Daarom wie dien Heiland verwerpt, voor dien blijft er geen slachtoffer meer over voor de zonde. En de eenige weg om deel te hebben aan Christus en Zijn heil is het geloof ! Geen deugden, geen werken, geen bevindingen brengen den zondaar één stap dichter bij de zaligheid. Zij wordt ons enkel geschonken om niet, uit genade, door 't geloof in den Christus. Als wij ons van harte aan Hem overgeven, ons op Hem laten zinken als op den eenigen, vasten bodem, ons aan Hem vastklemmen met al de vezels der ziel, dan zijn we gered. Dit zaligmakend geloof is ook een gave Gods. Er is niets bij van den mensch. 't Wordt gewerkt op onnaspeurlijke wijze door den H. Geest, die 't zielsoog op den Heere richt.

Hoe is 't met u, lezer ? Is de vraag van den stokbewaarder reeds in u levend geworden? Wij bekommeren en verontrusten ons over vele dingen ; dat we toch meer bezorgd werden om eigen zieleheil.

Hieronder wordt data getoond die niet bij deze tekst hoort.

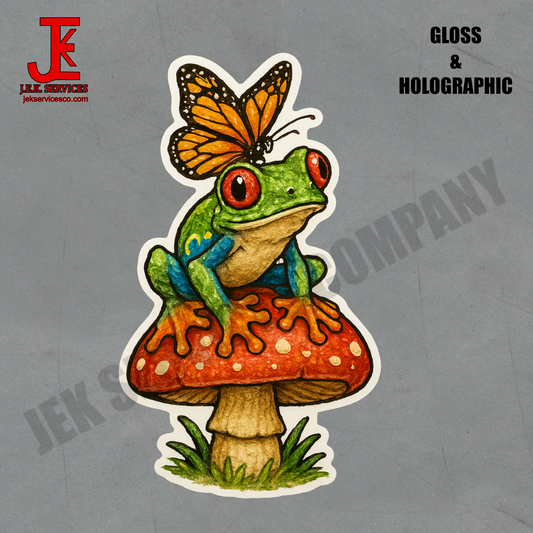 Tree Frog Mushroom Vinyl Sticker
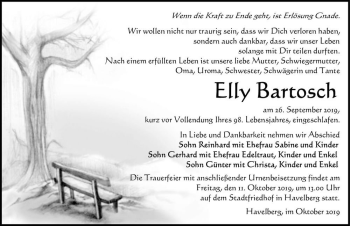 Traueranzeige von Elly Bartosch  von Magdeburger Volksstimme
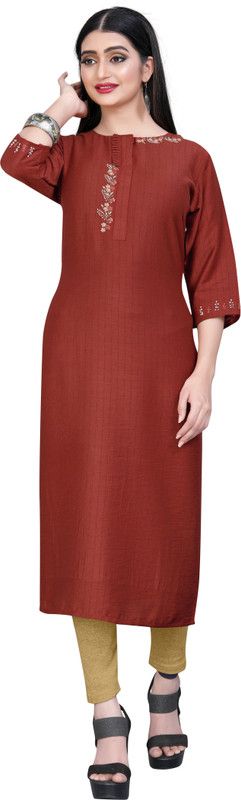 Women Embroidered Polyester Straight Kurta  (Red)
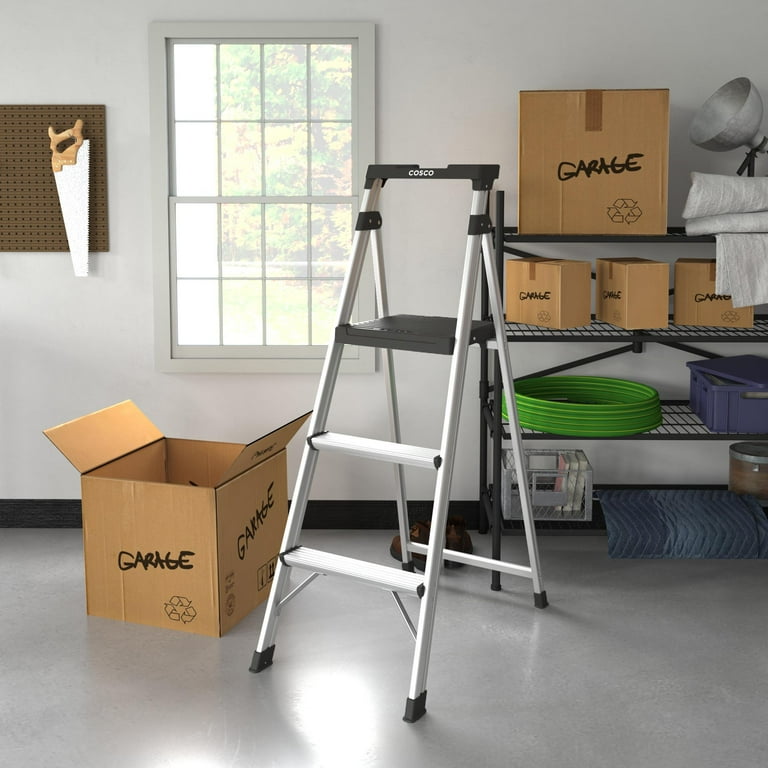 COSCO, 3-Step Folding Step Stool, 5' Lite Solutions, Black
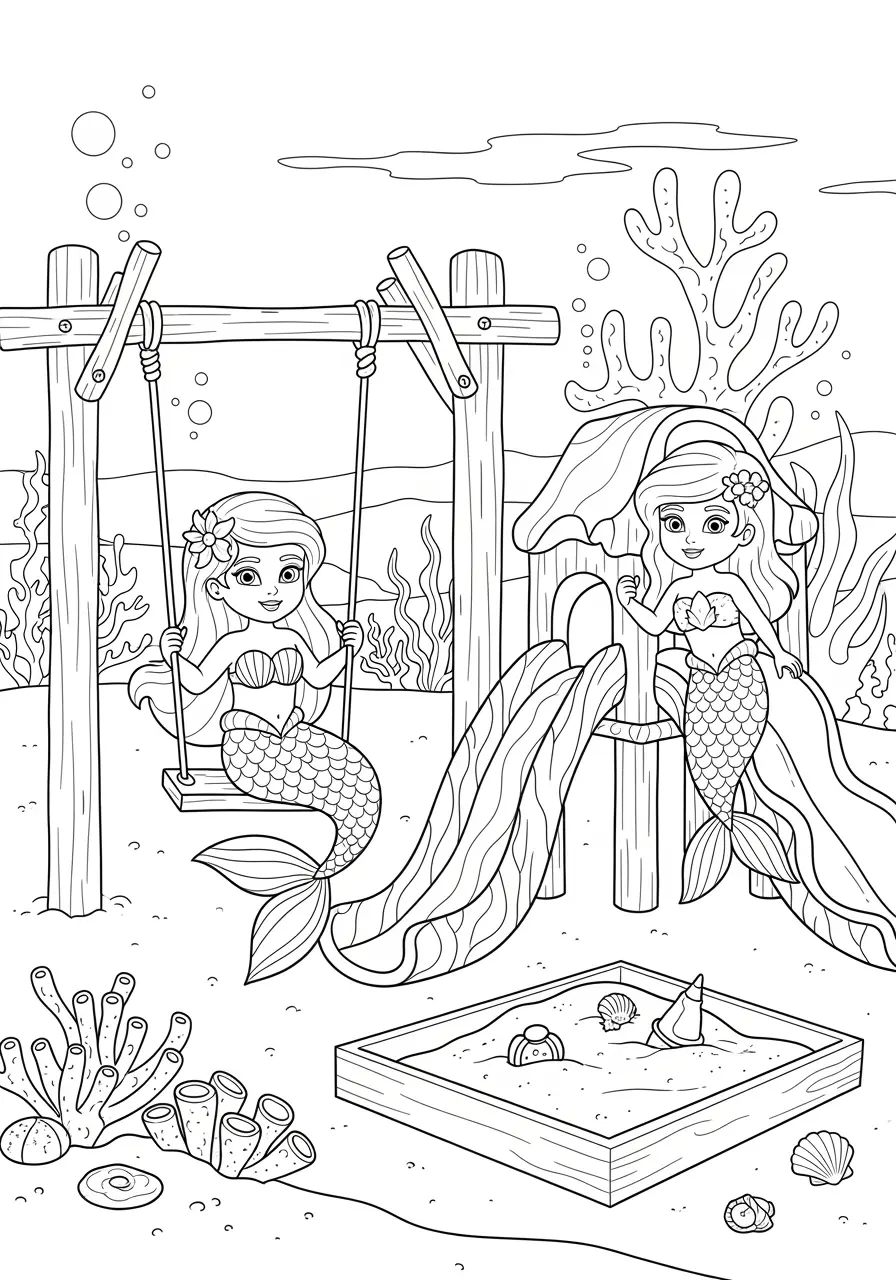 Sweet Mermaid Playground Coloring Page
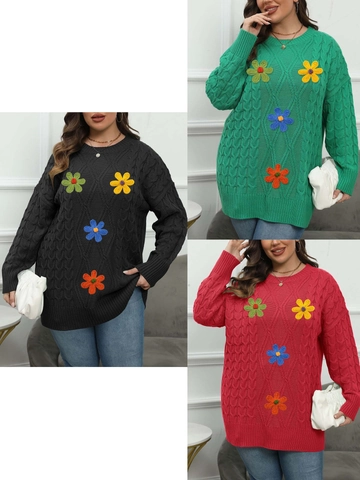 Maglione da Donna Taglie Forti a Trecce Con Patchwork di Fiori all'Uncinetto 3D Girocollo Manica Lunga Pullover Comodo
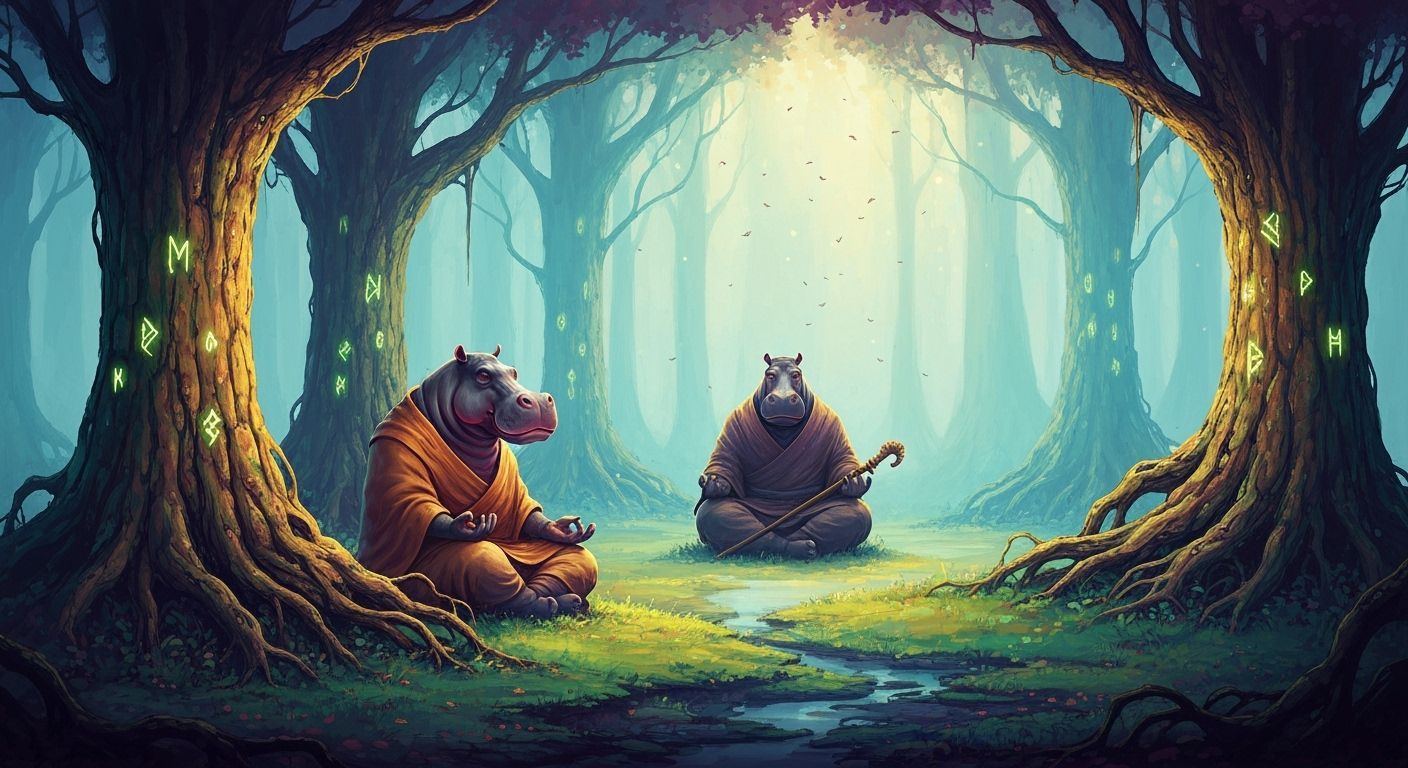 Majestic Hippo Monk Meditating in Mystical Forest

Bidt den Heere om Zijn Geest. Hij zal Hem schenken naar Zijn belofte aan ieder, die Hem met hartelijke zuchten daarom vragen.

En als gij iets kent van de verontrusting van den stokbewaarder, luistert dan naar 't woord van den apostel: Geloof in den Heere Jezus Christus en gij zult zalig worden. En als gij twijfelt aan de echtheid van uw geloof, zie dan eens naar den stokbewaarder. Hij geloofde ook en zijn geheele huis, maar 't was geen dood geloof, maar een geloof, door de liefde werkende. Hij nam Paulus en Silas in zijn huis, zich niet bekommerend om wat de magistraat zou zeggen en wiesch hun wonden. Wie waarlijk gelooft, betoont dat in zijn leven door te wandelen in 's Heeren wegen, de zonde te haten en de broeders lief te hebben. Dit is echter alleen mogelijk, als we steeds verbonden zijn met Christus. Hij is de bron van ons leven. Welzalig hij, die al zijn kracht en hulp, alleen van Hem verwacht, die kiest de welgebaande wegen.

Dit artikel werd u aangeboden door: de Gereformeerde Bond

Deze tekst is geautomatiseerd gemaakt en kan nog fouten bevatten. Digibron werkt voortdurend aan correctie. Klik voor het origineel door naar de pdf. Voor opmerkingen, vragen, informatie: contact.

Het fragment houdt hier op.